Their study, published in a recent issue of the journal Allergy, found that children who eventually developed allergies ate less butter and more margarine compared with children who did not develop allergies. The allergic children also tended to eat less fish, although this dietary difference was less significant. While it is too soon to make dietary recommendations aimed at lowering the risk of allergies, the findings provide evidence of a link between certain dietary fats and allergic diseases such as asthma, according to Dr. Teija Dunder and colleagues at the University of Oulu.

The study is not the first to suggest that certain types of fatty acids may play a role in the onset of allergic diseases. Polyunsaturated fats like those in margarine are thought to promote the formation of prostaglandin E2, a substance that promotes inflammation and causes the immune system to release a protein that triggers allergic reactions.

A diet higher in unsaturated fats and low in saturated fats such as those in butter is more healthful in general. But the growing emphasis on achieving this fat balance has been blamed in some research for the increasing rates of childhood allergies, the report indicates. At the same time, however, studies have suggested the unsaturated fats found in certain types of fish may protect against allergic disease.
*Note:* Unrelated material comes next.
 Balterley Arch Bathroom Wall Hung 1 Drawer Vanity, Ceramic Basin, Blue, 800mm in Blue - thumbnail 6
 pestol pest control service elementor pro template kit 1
This study, according to Dunder’s team, supports the overall idea that dietary fat somehow affects allergy risk. “Our results support the hypothesis that the quality of the fat consumed in the diet is important for the development of allergic diseases in children,” the study authors write. “The possibility of preventing allergic diseases by supplementation or by changing the fatty acid composition of the diet of young children remains to be tested by clinical trials.”

The investigators reviewed data from 462 children aged 3 to 18 in 1980 and from 308 children in 1986, and followed the children for 9 years. In 1980, children with atopic dermatitis–a common allergic reaction that causes itchy skin–consumed about 8 grams of margarine for every 1,000 calories, compared with roughly 6 grams among children without the condition.

Children with atopic dermatitis also consumed about 9 grams of butter per 1,000 calories, while those without the allergy downed more than 11 grams of butter, on average. In other findings, the ratio of polyunsaturated to saturated fat was higher and the percentage of myristic acid, an indicator of saturated fat intake, was significantly lower in children with atopic dermatitis in 1980.

On the other hand, children with the allergy also had lower levels of polyunsaturated fats found in fish–although their fish intake was similar to that of the other children. High fish intake, the researchers note, has been linked to lower rates of asthma. The current study supports the idea that the fat composition of children’s diets may influence their allergy risk, Dunder and colleagues conclude.